◆ **What is expected**
Your output should consist of every record, copied exactly.

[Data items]
*** Block opens ***

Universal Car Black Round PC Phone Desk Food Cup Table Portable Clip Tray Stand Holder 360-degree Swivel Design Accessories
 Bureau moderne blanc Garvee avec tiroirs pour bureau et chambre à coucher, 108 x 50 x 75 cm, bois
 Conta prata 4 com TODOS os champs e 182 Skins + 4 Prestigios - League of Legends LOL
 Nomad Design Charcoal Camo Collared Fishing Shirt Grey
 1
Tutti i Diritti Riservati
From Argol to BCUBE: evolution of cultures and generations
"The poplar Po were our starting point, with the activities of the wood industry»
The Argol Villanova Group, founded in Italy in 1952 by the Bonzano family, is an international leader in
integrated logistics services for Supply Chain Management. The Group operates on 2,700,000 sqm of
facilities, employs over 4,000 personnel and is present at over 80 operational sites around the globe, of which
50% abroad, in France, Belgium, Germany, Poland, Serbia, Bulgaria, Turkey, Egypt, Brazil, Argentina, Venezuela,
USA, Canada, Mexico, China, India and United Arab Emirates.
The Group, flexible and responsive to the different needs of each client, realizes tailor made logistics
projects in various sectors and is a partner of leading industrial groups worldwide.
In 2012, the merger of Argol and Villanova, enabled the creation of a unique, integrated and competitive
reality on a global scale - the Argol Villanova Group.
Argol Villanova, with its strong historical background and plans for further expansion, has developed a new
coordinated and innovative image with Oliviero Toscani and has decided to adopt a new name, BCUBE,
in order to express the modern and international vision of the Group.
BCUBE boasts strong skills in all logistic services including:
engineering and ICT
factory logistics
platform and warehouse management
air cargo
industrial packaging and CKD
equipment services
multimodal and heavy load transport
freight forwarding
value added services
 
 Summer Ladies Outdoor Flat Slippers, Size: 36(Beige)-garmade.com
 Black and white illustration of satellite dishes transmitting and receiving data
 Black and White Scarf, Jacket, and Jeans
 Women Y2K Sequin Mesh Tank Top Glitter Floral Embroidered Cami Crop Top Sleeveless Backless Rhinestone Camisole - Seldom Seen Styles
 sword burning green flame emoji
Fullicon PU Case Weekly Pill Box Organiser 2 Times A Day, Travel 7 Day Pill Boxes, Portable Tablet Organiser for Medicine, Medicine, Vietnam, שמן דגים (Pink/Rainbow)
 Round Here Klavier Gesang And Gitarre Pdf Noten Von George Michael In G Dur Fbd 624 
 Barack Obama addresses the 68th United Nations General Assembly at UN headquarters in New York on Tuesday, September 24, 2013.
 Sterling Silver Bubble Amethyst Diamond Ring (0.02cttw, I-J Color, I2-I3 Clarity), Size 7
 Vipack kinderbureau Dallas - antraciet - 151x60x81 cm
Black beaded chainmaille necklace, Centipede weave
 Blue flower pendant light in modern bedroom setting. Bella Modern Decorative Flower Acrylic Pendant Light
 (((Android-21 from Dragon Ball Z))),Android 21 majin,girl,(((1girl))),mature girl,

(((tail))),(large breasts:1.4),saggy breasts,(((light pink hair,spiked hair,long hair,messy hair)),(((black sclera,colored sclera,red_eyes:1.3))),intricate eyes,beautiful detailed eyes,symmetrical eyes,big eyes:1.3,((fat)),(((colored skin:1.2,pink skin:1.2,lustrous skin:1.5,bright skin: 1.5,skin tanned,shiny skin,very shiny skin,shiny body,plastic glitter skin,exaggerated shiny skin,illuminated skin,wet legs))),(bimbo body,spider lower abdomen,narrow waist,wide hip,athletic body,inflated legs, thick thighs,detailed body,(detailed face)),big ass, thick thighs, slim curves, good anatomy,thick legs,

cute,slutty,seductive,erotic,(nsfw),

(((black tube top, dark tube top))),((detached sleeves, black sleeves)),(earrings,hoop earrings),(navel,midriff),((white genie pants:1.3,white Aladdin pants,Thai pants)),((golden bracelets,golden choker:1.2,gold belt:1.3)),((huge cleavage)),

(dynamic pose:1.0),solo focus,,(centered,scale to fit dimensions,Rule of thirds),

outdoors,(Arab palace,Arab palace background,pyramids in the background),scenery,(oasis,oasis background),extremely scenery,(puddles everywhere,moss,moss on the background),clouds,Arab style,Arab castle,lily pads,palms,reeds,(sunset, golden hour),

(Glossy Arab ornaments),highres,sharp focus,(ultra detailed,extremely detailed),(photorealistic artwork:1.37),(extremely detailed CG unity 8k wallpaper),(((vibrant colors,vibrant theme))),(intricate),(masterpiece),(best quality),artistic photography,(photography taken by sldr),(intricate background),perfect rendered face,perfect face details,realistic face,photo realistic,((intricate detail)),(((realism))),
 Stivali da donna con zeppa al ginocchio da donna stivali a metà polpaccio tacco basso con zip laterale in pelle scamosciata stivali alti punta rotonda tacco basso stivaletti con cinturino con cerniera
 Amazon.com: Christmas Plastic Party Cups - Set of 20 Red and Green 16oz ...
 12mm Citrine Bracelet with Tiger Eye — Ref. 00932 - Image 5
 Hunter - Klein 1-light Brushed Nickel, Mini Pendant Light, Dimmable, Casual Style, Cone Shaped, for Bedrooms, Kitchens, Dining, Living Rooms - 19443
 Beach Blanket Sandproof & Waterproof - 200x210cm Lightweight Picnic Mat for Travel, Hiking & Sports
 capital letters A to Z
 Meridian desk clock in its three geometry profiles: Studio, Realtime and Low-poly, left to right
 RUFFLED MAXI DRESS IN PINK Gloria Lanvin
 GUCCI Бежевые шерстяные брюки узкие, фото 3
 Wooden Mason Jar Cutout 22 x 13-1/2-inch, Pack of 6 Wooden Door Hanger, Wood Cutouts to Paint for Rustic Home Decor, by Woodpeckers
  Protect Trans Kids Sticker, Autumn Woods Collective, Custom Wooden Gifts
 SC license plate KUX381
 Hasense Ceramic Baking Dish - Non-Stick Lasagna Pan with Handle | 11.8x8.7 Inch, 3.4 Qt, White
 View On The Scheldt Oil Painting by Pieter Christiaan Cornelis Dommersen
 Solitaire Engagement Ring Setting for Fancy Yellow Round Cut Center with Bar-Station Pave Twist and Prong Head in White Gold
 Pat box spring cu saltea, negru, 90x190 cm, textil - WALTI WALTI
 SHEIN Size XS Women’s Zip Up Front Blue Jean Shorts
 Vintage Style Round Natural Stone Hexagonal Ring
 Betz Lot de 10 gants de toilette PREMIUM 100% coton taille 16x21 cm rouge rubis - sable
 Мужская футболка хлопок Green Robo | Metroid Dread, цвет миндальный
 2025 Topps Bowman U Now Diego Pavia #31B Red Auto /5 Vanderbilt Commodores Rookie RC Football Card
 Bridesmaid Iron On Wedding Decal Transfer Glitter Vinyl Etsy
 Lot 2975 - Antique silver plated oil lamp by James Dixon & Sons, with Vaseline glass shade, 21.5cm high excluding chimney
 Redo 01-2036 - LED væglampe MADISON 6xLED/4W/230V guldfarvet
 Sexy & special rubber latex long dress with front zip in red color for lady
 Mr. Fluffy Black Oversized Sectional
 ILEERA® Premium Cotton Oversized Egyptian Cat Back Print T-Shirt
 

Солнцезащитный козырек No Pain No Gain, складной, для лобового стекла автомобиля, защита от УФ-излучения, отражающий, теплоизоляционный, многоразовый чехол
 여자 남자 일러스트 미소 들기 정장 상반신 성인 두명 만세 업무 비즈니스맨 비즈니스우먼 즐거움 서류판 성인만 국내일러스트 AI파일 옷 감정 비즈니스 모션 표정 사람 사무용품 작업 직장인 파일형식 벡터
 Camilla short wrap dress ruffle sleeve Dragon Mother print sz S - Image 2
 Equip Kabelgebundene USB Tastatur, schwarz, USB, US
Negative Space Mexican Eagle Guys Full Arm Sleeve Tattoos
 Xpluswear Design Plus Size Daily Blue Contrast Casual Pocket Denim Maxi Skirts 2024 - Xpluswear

*** Block closes ***

◆ **Task output**
Universal Car Black Round PC Phone Desk Food Cup Table Portable Clip Tray Stand Holder 360-degree Swivel Design Accessories
 Bureau moderne blanc Garvee avec tiroirs pour bureau et chambre à coucher, 108 x 50 x 75 cm, bois
 Conta prata 4 com TODOS os champs e 182 Skins + 4 Prestigios - League of Legends LOL
 Nomad Design Charcoal Camo Collared Fishing Shirt Grey
 1
Tutti i Diritti Riservati
From Argol to BCUBE: evolution of cultures and generations
"The poplar Po were our starting point, with the activities of the wood industry»
The Argol Villanova Group, founded in Italy in 1952 by the Bonzano family, is an international leader in
integrated logistics services for Supply Chain Management. The Group operates on 2,700,000 sqm of
facilities, employs over 4,000 personnel and is present at over 80 operational sites around the globe, of which
50% abroad, in France, Belgium, Germany, Poland, Serbia, Bulgaria, Turkey, Egypt, Brazil, Argentina, Venezuela,
USA, Canada, Mexico, China, India and United Arab Emirates.
The Group, flexible and responsive to the different needs of each client, realizes tailor made logistics
projects in various sectors and is a partner of leading industrial groups worldwide.
In 2012, the merger of Argol and Villanova, enabled the creation of a unique, integrated and competitive
reality on a global scale - the Argol Villanova Group.
Argol Villanova, with its strong historical background and plans for further expansion, has developed a new
coordinated and innovative image with Oliviero Toscani and has decided to adopt a new name, BCUBE,
in order to express the modern and international vision of the Group.
BCUBE boasts strong skills in all logistic services including:
engineering and ICT
factory logistics
platform and warehouse management
air cargo
industrial packaging and CKD
equipment services
multimodal and heavy load transport
freight forwarding
value added services
 
 Summer Ladies Outdoor Flat Slippers, Size: 36(Beige)-garmade.com
 Black and white illustration of satellite dishes transmitting and receiving data
 Black and White Scarf, Jacket, and Jeans
 Women Y2K Sequin Mesh Tank Top Glitter Floral Embroidered Cami Crop Top Sleeveless Backless Rhinestone Camisole - Seldom Seen Styles
 sword burning green flame emoji
Fullicon PU Case Weekly Pill Box Organiser 2 Times A Day, Travel 7 Day Pill Boxes, Portable Tablet Organiser for Medicine, Medicine, Vietnam, שמן דגים (Pink/Rainbow)
 Round Here Klavier Gesang And Gitarre Pdf Noten Von George Michael In G Dur Fbd 624 
 Barack Obama addresses the 68th United Nations General Assembly at UN headquarters in New York on Tuesday, September 24, 2013.
 Sterling Silver Bubble Amethyst Diamond Ring (0.02cttw, I-J Color, I2-I3 Clarity), Size 7
 Vipack kinderbureau Dallas - antraciet - 151x60x81 cm
Black beaded chainmaille necklace, Centipede weave
 Blue flower pendant light in modern bedroom setting. Bella Modern Decorative Flower Acrylic Pendant Light
 (((Android-21 from Dragon Ball Z))),Android 21 majin,girl,(((1girl))),mature girl,

(((tail))),(large breasts:1.4),saggy breasts,(((light pink hair,spiked hair,long hair,messy hair)),(((black sclera,colored sclera,red_eyes:1.3))),intricate eyes,beautiful detailed eyes,symmetrical eyes,big eyes:1.3,((fat)),(((colored skin:1.2,pink skin:1.2,lustrous skin:1.5,bright skin: 1.5,skin tanned,shiny skin,very shiny skin,shiny body,plastic glitter skin,exaggerated shiny skin,illuminated skin,wet legs))),(bimbo body,spider lower abdomen,narrow waist,wide hip,athletic body,inflated legs, thick thighs,detailed body,(detailed face)),big ass, thick thighs, slim curves, good anatomy,thick legs,

cute,slutty,seductive,erotic,(nsfw),

(((black tube top, dark tube top))),((detached sleeves, black sleeves)),(earrings,hoop earrings),(navel,midriff),((white genie pants:1.3,white Aladdin pants,Thai pants)),((golden bracelets,golden choker:1.2,gold belt:1.3)),((huge cleavage)),

(dynamic pose:1.0),solo focus,,(centered,scale to fit dimensions,Rule of thirds),

outdoors,(Arab palace,Arab palace background,pyramids in the background),scenery,(oasis,oasis background),extremely scenery,(puddles everywhere,moss,moss on the background),clouds,Arab style,Arab castle,lily pads,palms,reeds,(sunset, golden hour),

(Glossy Arab ornaments),highres,sharp focus,(ultra detailed,extremely detailed),(photorealistic artwork:1.37),(extremely detailed CG unity 8k wallpaper),(((vibrant colors,vibrant theme))),(intricate),(masterpiece),(best quality),artistic photography,(photography taken by sldr),(intricate background),perfect rendered face,perfect face details,realistic face,photo realistic,((intricate detail)),(((realism))),
 Stivali da donna con zeppa al ginocchio da donna stivali a metà polpaccio tacco basso con zip laterale in pelle scamosciata stivali alti punta rotonda tacco basso stivaletti con cinturino con cerniera
 Amazon.com: Christmas Plastic Party Cups - Set of 20 Red and Green 16oz ...
 12mm Citrine Bracelet with Tiger Eye — Ref. 00932 - Image 5
 Hunter - Klein 1-light Brushed Nickel, Mini Pendant Light, Dimmable, Casual Style, Cone Shaped, for Bedrooms, Kitchens, Dining, Living Rooms - 19443
 Beach Blanket Sandproof & Waterproof - 200x210cm Lightweight Picnic Mat for Travel, Hiking & Sports
 capital letters A to Z
 Meridian desk clock in its three geometry profiles: Studio, Realtime and Low-poly, left to right
 RUFFLED MAXI DRESS IN PINK Gloria Lanvin
 GUCCI Бежевые шерстяные брюки узкие, фото 3
 Wooden Mason Jar Cutout 22 x 13-1/2-inch, Pack of 6 Wooden Door Hanger, Wood Cutouts to Paint for Rustic Home Decor, by Woodpeckers
  Protect Trans Kids Sticker, Autumn Woods Collective, Custom Wooden Gifts
 SC license plate KUX381
 Hasense Ceramic Baking Dish - Non-Stick Lasagna Pan with Handle | 11.8x8.7 Inch, 3.4 Qt, White
 View On The Scheldt Oil Painting by Pieter Christiaan Cornelis Dommersen
 Solitaire Engagement Ring Setting for Fancy Yellow Round Cut Center with Bar-Station Pave Twist and Prong Head in White Gold
 Pat box spring cu saltea, negru, 90x190 cm, textil - WALTI WALTI
 SHEIN Size XS Women’s Zip Up Front Blue Jean Shorts
 Vintage Style Round Natural Stone Hexagonal Ring
 Betz Lot de 10 gants de toilette PREMIUM 100% coton taille 16x21 cm rouge rubis - sable
 Мужская футболка хлопок Green Robo | Metroid Dread, цвет миндальный
 2025 Topps Bowman U Now Diego Pavia #31B Red Auto /5 Vanderbilt Commodores Rookie RC Football Card
 Bridesmaid Iron On Wedding Decal Transfer Glitter Vinyl Etsy
 Lot 2975 - Antique silver plated oil lamp by James Dixon & Sons, with Vaseline glass shade, 21.5cm high excluding chimney
 Redo 01-2036 - LED væglampe MADISON 6xLED/4W/230V guldfarvet
 Sexy & special rubber latex long dress with front zip in red color for lady
 Mr. Fluffy Black Oversized Sectional
 ILEERA® Premium Cotton Oversized Egyptian Cat Back Print T-Shirt
 

Солнцезащитный козырек No Pain No Gain, складной, для лобового стекла автомобиля, защита от УФ-излучения, отражающий, теплоизоляционный, многоразовый чехол
 여자 남자 일러스트 미소 들기 정장 상반신 성인 두명 만세 업무 비즈니스맨 비즈니스우먼 즐거움 서류판 성인만 국내일러스트 AI파일 옷 감정 비즈니스 모션 표정 사람 사무용품 작업 직장인 파일형식 벡터
 Camilla short wrap dress ruffle sleeve Dragon Mother print sz S - Image 2
 Equip Kabelgebundene USB Tastatur, schwarz, USB, US
Negative Space Mexican Eagle Guys Full Arm Sleeve Tattoos
 Xpluswear Design Plus Size Daily Blue Contrast Casual Pocket Denim Maxi Skirts 2024 - Xpluswear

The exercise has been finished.